[[ GIVEN MATERIAL open ]]
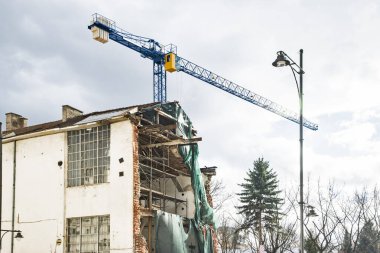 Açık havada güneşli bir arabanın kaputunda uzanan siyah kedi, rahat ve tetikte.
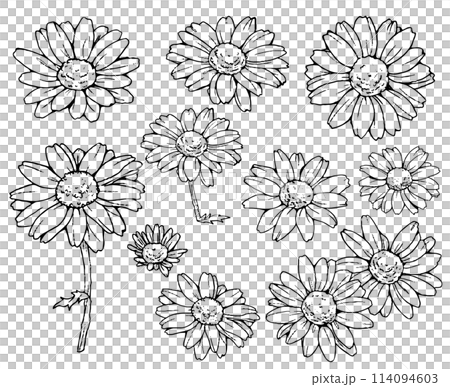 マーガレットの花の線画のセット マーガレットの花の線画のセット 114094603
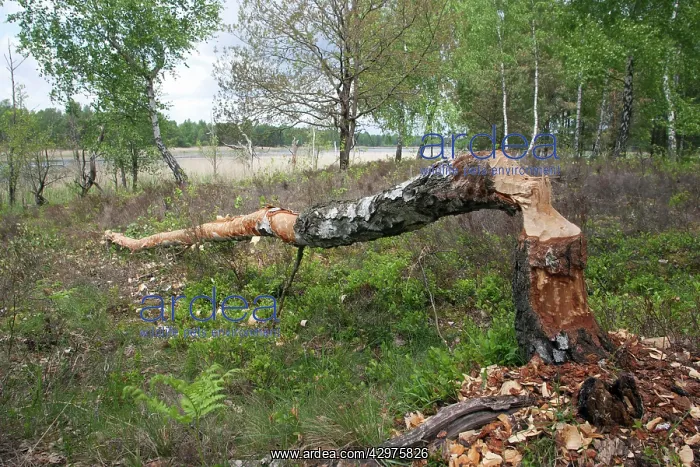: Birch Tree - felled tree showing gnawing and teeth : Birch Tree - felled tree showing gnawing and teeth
[[ GIVEN MATERIAL closed ]]
* _WHAT NEEDS TO BE DONE_
Everything from the line with "マーガレットの花の線画のセット マーガレットの花の線画のセット 114094603" through the end of the listing above, both ends included, should be set down exactly; copy nothing else, and skip the pictures.

* _YOUR RESPONSE_
 マーガレットの花の線画のセット マーガレットの花の線画のセット 114094603
: Birch Tree - felled tree showing gnawing and teeth : Birch Tree - felled tree showing gnawing and teeth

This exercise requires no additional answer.